Sell Score is a predictive analytics tool that identifies which off-market residential properties are likely to transact sooner than others in their area, measured on a High, Medium, and Low scale. Sell Score is attached to properties, whereas Buy Score is attached to individuals. When you see a Sell Score attached to an individual on the People tab of the Track page, that Sell Score corresponds to the latest known associated property for the person.
Note: We disable Sell Score for active listings, and leave it disabled until 6 months after the property has sold, the listing has expired, or the listing has been canceled.
You can use the Sell Score filter on the Discover map to quickly identify properties with different Sell Score levels. See the What are the available layers? article to read about all the available layers in Remine. You can also filter your tracked properties by Sell Score on the Track page.
Predictive analytics involves using historical data with machine learning and artificial intelligence to predict what will happen in the future. We analyze historical data with a mathematical model that considers key trends and patterns. We then apply this model to current data to predict what will happen next.
The Sell Score model searches for underlying patterns based on available data. This means that agents will often have important information about a property that isn't included in the Sell Score model. For this reason, we recommend combining Sell Score with other layers, like Home Equity, to most effectively identify your target market.
Properties can have a Sell Score of High, Medium, or Low.
We calculate Sell Score using weighted values, so you may occasionally come across some surprising results (e.g., a property that transacted within the last year with a high Sell Score).

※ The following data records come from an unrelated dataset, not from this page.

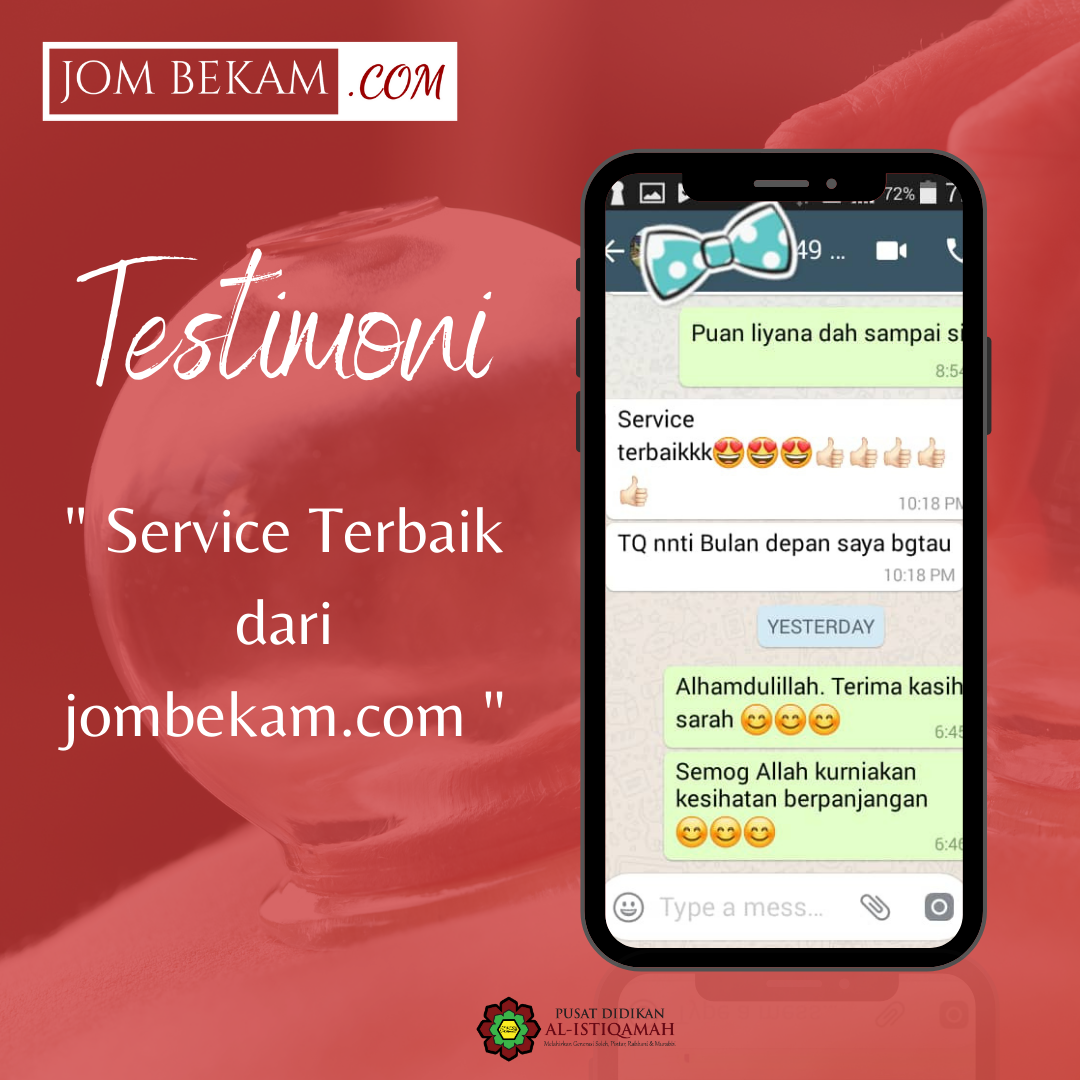 180545491_736148103748508_1449902812638144157_n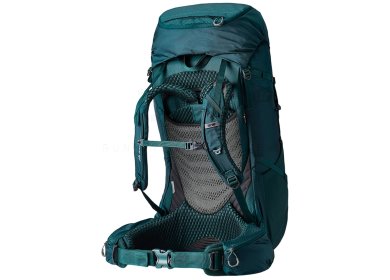 GREGORY Deva 60 W - M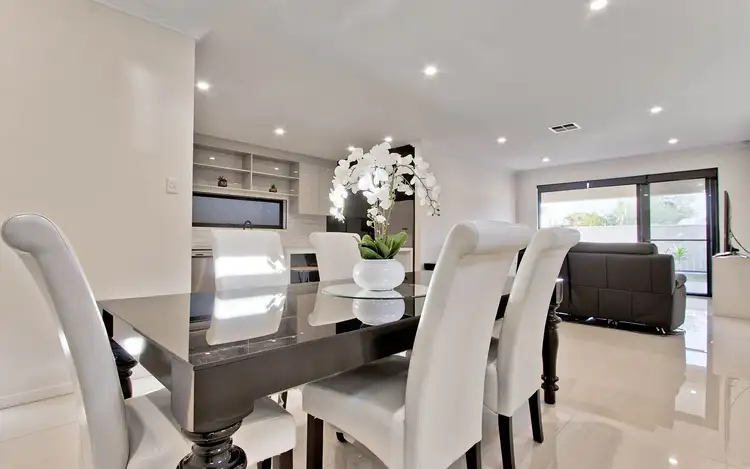Third view of Homely house listing, 36a La Perouse Avenue, Flinders Park SA 5025
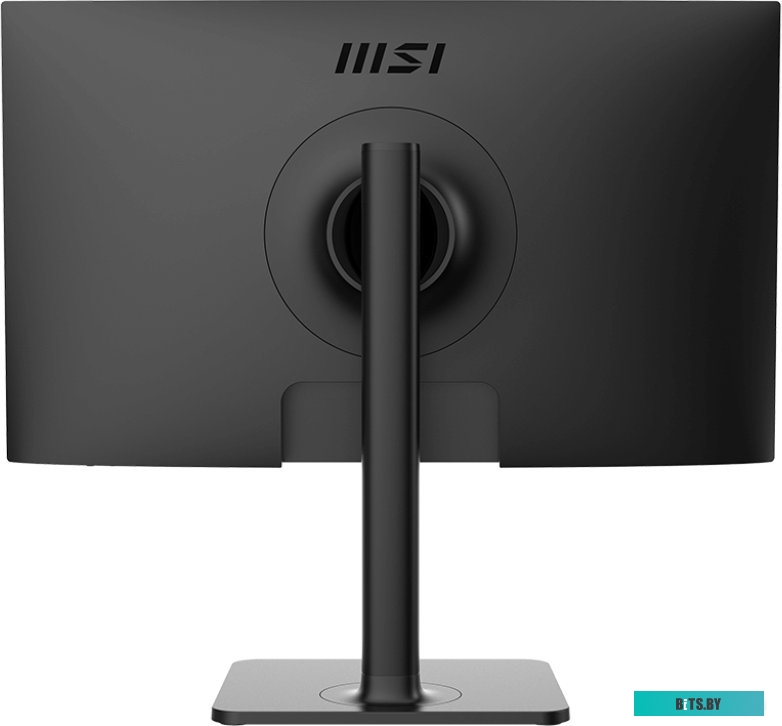 Монитор MSI Modern MD272QXP 9S6-3PB19H-233 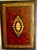 Mid 19th Century French Napoleon III Sewing Box For Sale - Image 11 of 12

The following are the primary variables that affect the Sell Score:
When any of these data points change, the Sell Score changes accordingly.
We calculate Sell Scores biweekly to keep the scores as up to date as possible. Not every property will see a difference with each Sell Score update, but an average of about 5% of properties change each month.
A property's Sell Score may change over time as we receive new or updated information. The Sell Score model is always changing and improving, so Sell Score changes are a good thing.
A High Sell Score property is 2 to 6 times more likely to transact in the next 6 months than a randomly selected property.
If you select 100 off-market homes at random, on average, 2 to 3 of those properties will likely sell in the next 6 months.
If you select 100 off-market homes with a High Sell Score, 5 to 20 of those properties will likely sell in the next 6 months.
Tip: Using the Sell Score in conjunction with other layers, like Home Equity and Ownership Time, can increase the probability that you're targeting properties that are likely to sell.
We measure the Sell Score's performance through an equation that compares properties with a High Sell Score to the homes that have actually sold. We run this equation in limited geographic areas to calculate accuracy among various markets.
The purpose of predictive analytics is to help you prioritize your time, so you can reach out to the right people with the right message. The Sell Score is a tool to help with prioritization. While you may not have the time or resources to send out 10,000 mailers to build your brand, you can instead focus on 100 properties with High Sell Scores and yield better results.